Britons throw away £12.5 billion worth of clothing every year, much of it simply sitting in landfill sites, according to new research. And behind that is a whole story of how modern fast fashion creates a throwaway culture in which consumers accumulate fashion items but don’t value them and, in some cases, don’t even wear them.


Vanish



UK consumers bin eight items a year on average, each one having an approximate value of £24, which means each person is throwing away £192 worth of fashion items annually. 

And it seems that more than half of consumers throw away perfectly wearable items rather than passing them onto friends and family, selling them, or donating them to charity stores.

The research, from stain removing brand Vanish, spoke to 1,500 adults and is part of its #LoveforLonger campaign designed to encourage people to expand the lifespan of their clothes.

It revealed that 29% of people throw away clothes because they’re stained, even though those stains could be treated. But in an indictment of our low price fast fashion culture, 23% of consumers said they don’t try to remove the stain because the clothes were cheap to buy.

Additionally, 27% bin clothing items because of a hole that was actually easy to sew up.

Other reasons clothing is discarded is to free up wardrobe space (18%), to get rid of clothes that belonged to an ex (10%), and get rid of clothes that feel 'old' after having been worn a handful of times (12%).

Some 10% of people throw away clothes after just a few wears, again because they were cheap, while one in 20 throw away items that they simply can’t be bothered to return to the retailer.

Interestingly too, 45% of go as far as bagging ip clothes to take to a charity shop, only to throw them away in the end. And 59% of those people said they simply didn’t want the hassle.

The Vanish campaign is, obviously, focused on selling more of its stain-removing product, but it does highlight a major issue of the modern fashion sector.

The trend for consumers to buy ever cheaper fashion and much more of it means an inevitable accumulation of items in their wardrobes and drawers that will need to be addressed at some point.

The research revealed that Britons spend on average £92 a month on new clothes, but typically wear less than half (46%) of their wardrobe.

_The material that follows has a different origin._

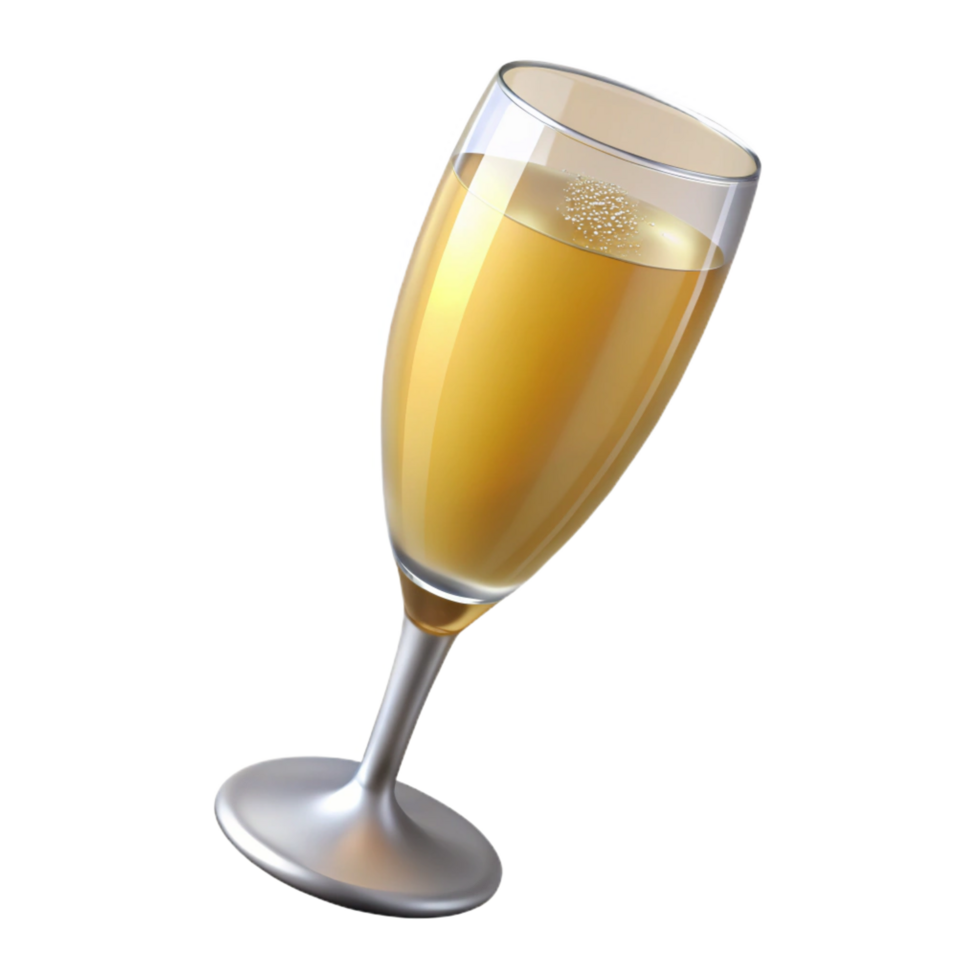 majestic mysterious rustic A glass of overflowing champagne. NO BACKGROUND with Transparent Background. flawless png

And a new piece of clothing become old in the eyes of consumers after just 20 washes, which on average means just 50 days. 

Vanish also said that 41% of consumers admitted to never having thought about what happens to their clothes when they throw them out and 37% feel no guilt about throwing clothes away. Only 62% know that they end up in landfill with other rubbish after we have thrown them away.

The Vanish campaign also saw it recovering discarded items from landfill sites and removing stains to make them wearable again.